Sonntag, 6. Juli 2014

Guantanamo: "Was fängt man bloß mit diesen Leuten an?"

Ein Plüsch-Känguru verbreitet nirgends Angst und Schrecken. Mit einer kleinen Einschränkung. In Justiz-Kreisen kann es gefürchtet sein. Denn ein "kangaroo court" bezeichnet ein Gericht, das nicht unabhängig oder korrupt ist, oder einen orchestrierten Scheinprozess abhält. Es ist also das härteste Urteil, welches über die Integrität eines Verfahrens gefällt werden kann.

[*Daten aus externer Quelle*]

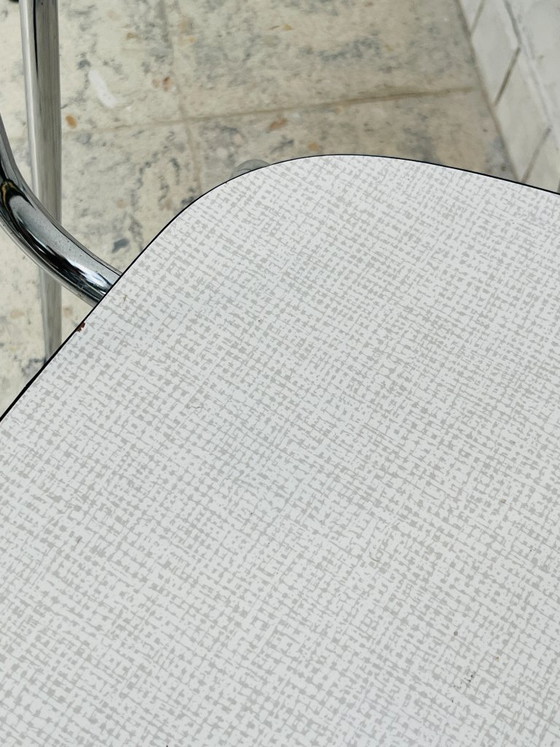 Image 1 of Lot de deux chaises vintage formica gris et chrome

Manche Beobachter glauben, dass dies im Fall des Militärtribunals der USA, welches sich auf der Guantanamo-Militärbasis auf Kuba befindet, zutrifft. Eingerichtet wurde es, um die Verantwortlichen der Anschläge des 11. September 2001 nach deren Internierung mit juristischen Mitteln zur Rechenschaft zu ziehen.

Lawrence R. Douglas, Journalist, Autor und Professor für Rechtswissenschaften, hat den Prozess in Guantanamo u.a. für das Harper´s Magazine  verfolgt. Hält er das Gericht für einen "kangaroo court"? "Ich glaube, dass es ein wenig komplizierter ist", sagt Douglas. Aber er kennt einen Anwalt, der bei jeder Verhandlung ein Plüsch-Känguru auf den Anwaltstisch stellt, um so den Richtern zu symbolisieren: "Ich halte dieses ganze Gericht und das Verfahren für die reine Farce."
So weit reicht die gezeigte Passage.